Coding standards are a Good Thing. Unfortunately, most organizations don’t have much in the way of SQL coding standards, and there aren’t many automated tools to help. As a result, I believe SQL is often less consistently written than many other languages. Here are my suggestions.

The following are only my opinions.

Indentation

I use indentation as with any other programming language. I prefer to indent the beginning of each clause in a statement equally, because I consider them all equally important; in other words, I don’t consider the ORDER BY clause somehow “inferior to” the WHERE clause. The result looks like this:

select column ...
from ...
where ...
group by ...
order by ...

Some programmers prefer to indent each part of the statement in turn, which leads to code that looks like this:

select column ...
    from ...
        where ...
            group by ...
                order by ...

I find this visually confusing, and it is unmaneagable in larger queries. Another indentation style I really dislike is right-left-justification, thusly:

select column ...
    from table ...
   where criterion ...
group by groupingclause ...
  having havingclause ...
order by orderingclause ...

I think it’s very hard to read, but more importantly, it’s beastly to maintain. I have better things to do than spend a bunch of time placing my cursor at the beginning of the line, adding spaces to right-justify something, then deleting internal whitespace in the line to left-justify whatever is on the right-hand side of the justification boundary. And as soon as I delete or add another part to the query, I probably have to adjust everything all over again. The following style is almost as hard to maintain:

select      column,
            column2,
            column3
from        table ...
where       criterion ...

It looks great until you need to join tables or have subqueries. Then it’s a disaster. Sometimes it’s not only hard to maintain, it’s hard to read, too. Take a look at this blog entry about modelling hierarchies in SQL, and notice how hard it is to figure out which tables are joined to which others, where the join criteria are, and so forth.

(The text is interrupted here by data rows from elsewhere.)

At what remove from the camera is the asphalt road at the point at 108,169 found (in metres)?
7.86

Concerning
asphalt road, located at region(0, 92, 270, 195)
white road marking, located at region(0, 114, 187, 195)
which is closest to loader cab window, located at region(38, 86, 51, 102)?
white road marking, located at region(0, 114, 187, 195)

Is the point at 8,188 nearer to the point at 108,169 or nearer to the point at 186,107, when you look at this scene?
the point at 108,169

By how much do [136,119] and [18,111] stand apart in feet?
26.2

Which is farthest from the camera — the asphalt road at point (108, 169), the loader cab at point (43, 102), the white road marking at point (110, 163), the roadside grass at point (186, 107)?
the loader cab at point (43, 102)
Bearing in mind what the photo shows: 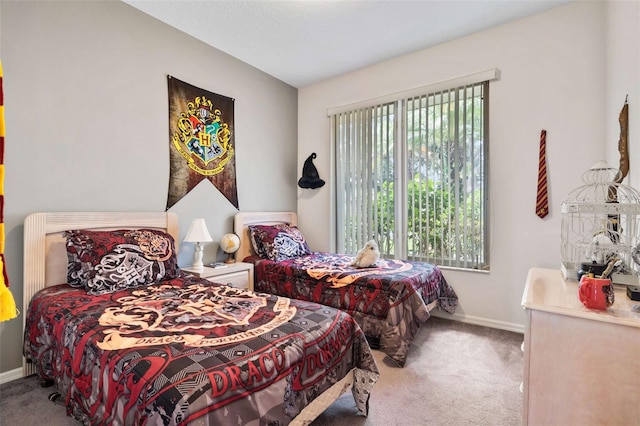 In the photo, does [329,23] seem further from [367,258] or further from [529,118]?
[367,258]

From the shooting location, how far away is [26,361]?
1990 millimetres

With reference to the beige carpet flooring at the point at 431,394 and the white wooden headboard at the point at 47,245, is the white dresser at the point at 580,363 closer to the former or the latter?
the beige carpet flooring at the point at 431,394

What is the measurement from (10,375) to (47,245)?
2.74 feet

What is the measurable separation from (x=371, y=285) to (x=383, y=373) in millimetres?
606

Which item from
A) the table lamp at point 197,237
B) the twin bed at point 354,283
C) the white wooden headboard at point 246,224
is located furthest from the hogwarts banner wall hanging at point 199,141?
the twin bed at point 354,283

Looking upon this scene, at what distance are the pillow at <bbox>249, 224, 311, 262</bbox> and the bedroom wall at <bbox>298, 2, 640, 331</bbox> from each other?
160 cm

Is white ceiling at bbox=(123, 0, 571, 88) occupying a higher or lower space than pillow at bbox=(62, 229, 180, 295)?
higher

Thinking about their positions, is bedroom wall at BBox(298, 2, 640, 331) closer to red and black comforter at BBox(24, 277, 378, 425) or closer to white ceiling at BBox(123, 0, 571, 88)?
white ceiling at BBox(123, 0, 571, 88)

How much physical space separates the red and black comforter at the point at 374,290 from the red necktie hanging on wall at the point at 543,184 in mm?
1018

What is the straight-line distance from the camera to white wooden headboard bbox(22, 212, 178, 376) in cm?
199

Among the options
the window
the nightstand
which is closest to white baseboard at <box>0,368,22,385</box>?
the nightstand

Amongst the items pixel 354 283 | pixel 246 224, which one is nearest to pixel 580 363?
pixel 354 283

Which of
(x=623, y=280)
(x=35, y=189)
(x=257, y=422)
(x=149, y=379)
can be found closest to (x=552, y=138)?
(x=623, y=280)

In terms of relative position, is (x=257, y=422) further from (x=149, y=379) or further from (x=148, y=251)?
(x=148, y=251) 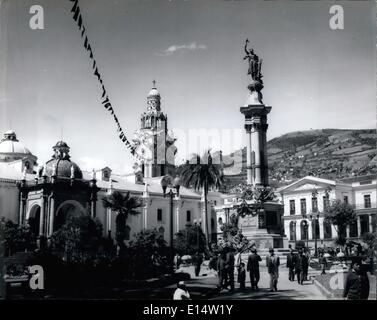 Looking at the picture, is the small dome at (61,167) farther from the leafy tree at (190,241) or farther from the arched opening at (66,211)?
the leafy tree at (190,241)

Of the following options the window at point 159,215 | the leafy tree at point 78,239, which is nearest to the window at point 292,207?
the window at point 159,215

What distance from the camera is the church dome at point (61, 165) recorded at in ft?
117

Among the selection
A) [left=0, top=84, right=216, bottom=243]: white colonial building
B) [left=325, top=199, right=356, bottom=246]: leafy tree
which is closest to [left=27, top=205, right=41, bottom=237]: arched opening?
[left=0, top=84, right=216, bottom=243]: white colonial building

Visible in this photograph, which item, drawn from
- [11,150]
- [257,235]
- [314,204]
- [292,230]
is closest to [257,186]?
[257,235]

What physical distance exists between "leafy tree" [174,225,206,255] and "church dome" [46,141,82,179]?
1062 centimetres

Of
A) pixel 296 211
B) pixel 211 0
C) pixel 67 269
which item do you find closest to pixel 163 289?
pixel 67 269

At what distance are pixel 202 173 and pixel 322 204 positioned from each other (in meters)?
14.7

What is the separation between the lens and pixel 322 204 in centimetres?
4653

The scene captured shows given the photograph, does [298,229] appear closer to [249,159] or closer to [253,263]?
[249,159]

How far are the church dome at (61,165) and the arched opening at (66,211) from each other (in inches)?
89.2

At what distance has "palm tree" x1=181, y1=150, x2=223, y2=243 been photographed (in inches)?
1507

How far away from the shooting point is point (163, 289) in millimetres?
14797

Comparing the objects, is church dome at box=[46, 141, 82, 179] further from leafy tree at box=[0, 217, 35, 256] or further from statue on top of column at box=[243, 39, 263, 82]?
statue on top of column at box=[243, 39, 263, 82]

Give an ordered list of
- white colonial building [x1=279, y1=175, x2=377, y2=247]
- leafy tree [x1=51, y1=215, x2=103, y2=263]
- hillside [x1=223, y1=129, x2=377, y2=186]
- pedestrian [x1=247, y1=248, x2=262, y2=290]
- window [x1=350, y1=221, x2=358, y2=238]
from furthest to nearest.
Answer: hillside [x1=223, y1=129, x2=377, y2=186] < window [x1=350, y1=221, x2=358, y2=238] < white colonial building [x1=279, y1=175, x2=377, y2=247] < leafy tree [x1=51, y1=215, x2=103, y2=263] < pedestrian [x1=247, y1=248, x2=262, y2=290] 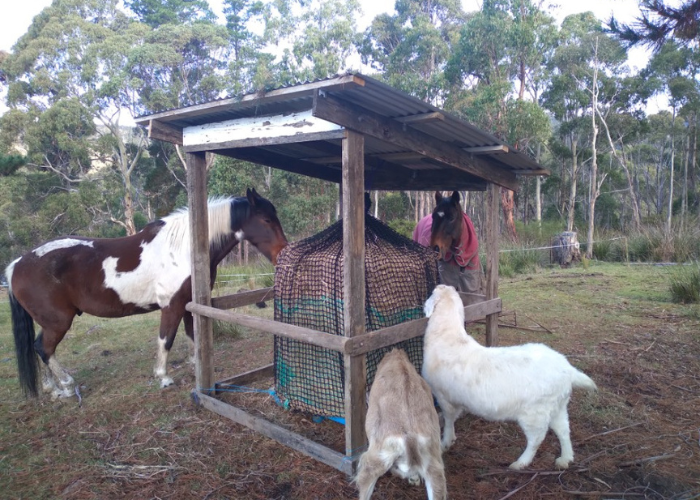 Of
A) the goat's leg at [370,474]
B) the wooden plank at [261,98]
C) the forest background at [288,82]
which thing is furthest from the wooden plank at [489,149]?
the forest background at [288,82]

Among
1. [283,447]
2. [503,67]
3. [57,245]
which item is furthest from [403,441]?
[503,67]

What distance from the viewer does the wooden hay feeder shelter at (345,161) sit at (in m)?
3.08

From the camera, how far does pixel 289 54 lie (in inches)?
939

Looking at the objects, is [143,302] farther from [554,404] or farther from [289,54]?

When I need to break lines, I indent one level, like so:

select
    column1,
    column2,
    column3,
    column4,
from ...
where ...
group by ...
order by ...

When I write a clause that is part of another clause, I indent it as well. For example, JOINs are part of the FROM clause, so they should be indented after the first line:

select column ...
from ...
    inner join ...
    inner join ...
    left outer join ...
where ...
group by ...
order by ...

When I write subqueries, I treat the opening and closing parentheses just as opening and closing braces in C, which I do not place on a line by themselves:

select column ...
from ...
    inner join (
        select column ...
        from table ...
    ) as x ...
    inner join ...
    left outer join ...
where ...
group by ...
order by ...

When I write INSERT ... SELECT statements, I indent everything but the first clause:

insert into ...
    select ...

Keep lines short

I try to keep lines short enough that I don’t have to scroll horizontally in a non-wrapping editor. This typically means no more than 80 characters wide. When I have to break a line, I break before operators (logical operators, such as AND, or mathematical operators like +). I indent each broken line one level from the first line of the broken clause, as I explained above.

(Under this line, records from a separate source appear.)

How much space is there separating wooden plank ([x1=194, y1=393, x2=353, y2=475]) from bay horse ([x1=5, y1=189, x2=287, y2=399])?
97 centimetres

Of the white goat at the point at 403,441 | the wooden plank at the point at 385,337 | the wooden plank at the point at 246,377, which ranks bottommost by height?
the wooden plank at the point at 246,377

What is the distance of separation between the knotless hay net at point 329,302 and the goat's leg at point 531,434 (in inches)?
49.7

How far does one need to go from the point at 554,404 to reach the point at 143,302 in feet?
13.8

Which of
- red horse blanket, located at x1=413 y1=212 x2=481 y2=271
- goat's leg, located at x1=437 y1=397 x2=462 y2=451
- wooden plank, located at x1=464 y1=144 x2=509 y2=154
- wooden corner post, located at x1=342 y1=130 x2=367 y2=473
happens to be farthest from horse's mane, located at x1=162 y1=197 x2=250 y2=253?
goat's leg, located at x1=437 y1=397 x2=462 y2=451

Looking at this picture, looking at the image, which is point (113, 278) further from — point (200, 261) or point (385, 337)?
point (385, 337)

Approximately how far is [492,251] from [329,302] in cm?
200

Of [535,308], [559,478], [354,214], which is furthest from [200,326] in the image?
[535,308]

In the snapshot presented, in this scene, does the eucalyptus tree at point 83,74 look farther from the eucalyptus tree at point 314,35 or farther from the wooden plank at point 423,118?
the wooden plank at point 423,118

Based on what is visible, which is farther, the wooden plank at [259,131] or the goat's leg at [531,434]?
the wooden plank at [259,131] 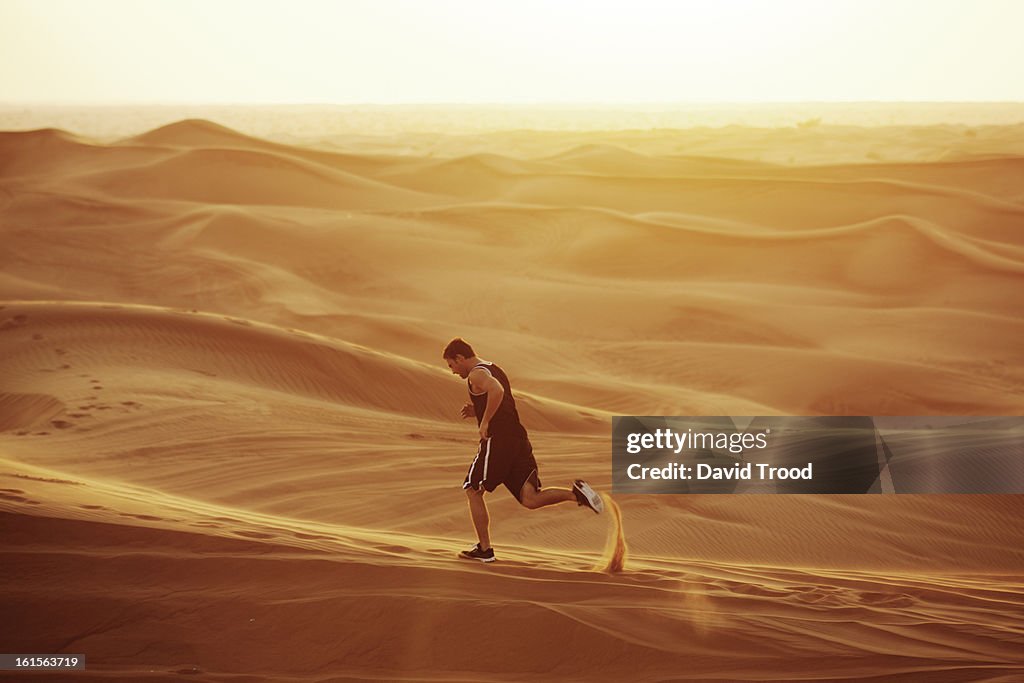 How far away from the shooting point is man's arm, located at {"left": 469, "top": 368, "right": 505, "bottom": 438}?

Commas are not operators, and in my opinion belong at the end of the line. I think the following is very hard to read and maintain:

select
     col1
    ,col2
    ,col3 ...

The reasons why operators, but not commas, should go at the beginning of the line are well-discussed in the literature of other programming languages. The goals are immediate comprehension when reading code, and ease of maintenance.

Uppercase or lowercase?

SQL is a case-insensitive language. There are two parts of the language to worry about: keywords and object names. I lowercase all keywords in queries, but I usually uppercase them in my writing, such as when I mention a SELECT statement in a sentence. Why? Simple: uppercasing them in normal writing makes them stand out, and since they’re not surrounded by uppercased text, the shouting is short-lived. I lowercase keywords in queries, because

  • it is much easier to read mixed-case letters with ascenders and descenders (this has been proven time and time again in the laboratory)
  • it’s a lot easier to type and time is precious, as are my tendons
  • any decent SQL editor highlights keywords anyway, making them stand out visually and obviating the need to uppercase them

As for object names, I type them in the correct case. If the object is named SomeTable, I think it’s sloppy to type it as sometable or SOMETABLE. Uniformity is important for readability and maintainability, and typing an object name in its proper case is following the obvious leader. Some platforms, such as MySQL, are case-sensitive in this area anyway. This lack of uniformity is why I detest case-insensitive languages, and try to program as though they’re case-sensitive anyway.

Object naming standards

Tables, columns, views, stored procedures, indexes, and so forth can really benefit from naming standards. Here are my suggestions:

  • Tables should have singular names. In my experience, it makes names of related objects much easier to manage. You might not think so at first, but I’ve seen more than one organization change their mind after it gets really messy and switch from plural to singular. This point, however, is probably the biggest single invitation to a flame war in coding standards.
  • Choose a naming convention for indexes and foreign keys, such as FK_child_parent and IX_table_col.
  • Don’t run words together in names. Either use MixedCapitalization to separate them, or use underscores_to_separate_words. All-lowercase words mashed together are hard to both read and type, and make it too easy to make typos. Here are some examples of names (in this case, column names) that are hard to read: emailwhenrowsexceed, clientsteamleader, apiratesheet.
  • Name things what they are, not what they do. I once redesigned a schema with a table naming standard that encouraged naming tables in a “ThisToThat” fashion. For example, one of the table names was something like “ProdGroupToSuperProdGroupAssociationToProdMenuCategoryAssociation.” Not only was that a super-long, confusing, meaningless name, it turned out the table had only one column not involved in relationships to other tables, called “CategoryOrder.” This column recorded the preferred ordering of a ProdGroup’s Category records. There was a default ordering, and this table had records only when the default ordering needed to be overriden. Therefore, the table recorded category ordering, and I renamed it to something more sensible, like CategoryOrdering.
  • Long is not good, but short is even worse. Don’t kid yourself – when you come back 6 months later to maintain the code you thought was crystal-clear, you’ll no longer have any idea what srdvpls4tp is (standard_deviation_plus_4_time_period).
  • Abbreviations are only good when they’re so overwhelmingly common they’re part of everyday English, in my opinion. At the risk of picking on my current employer, costrecon is a poor name because “recon” is a more common abbreviation for “reconnaissance” than “reconciliation” (the intended meaning). I can never remember what the “other recon word” is. It is literally an effort for me to think of “reconciliation.”
  • I hate Hungarian naming schemes, and all variations thereof. They just make everything harder to read and write, and they are like comments – they’re just a maintenance hazard.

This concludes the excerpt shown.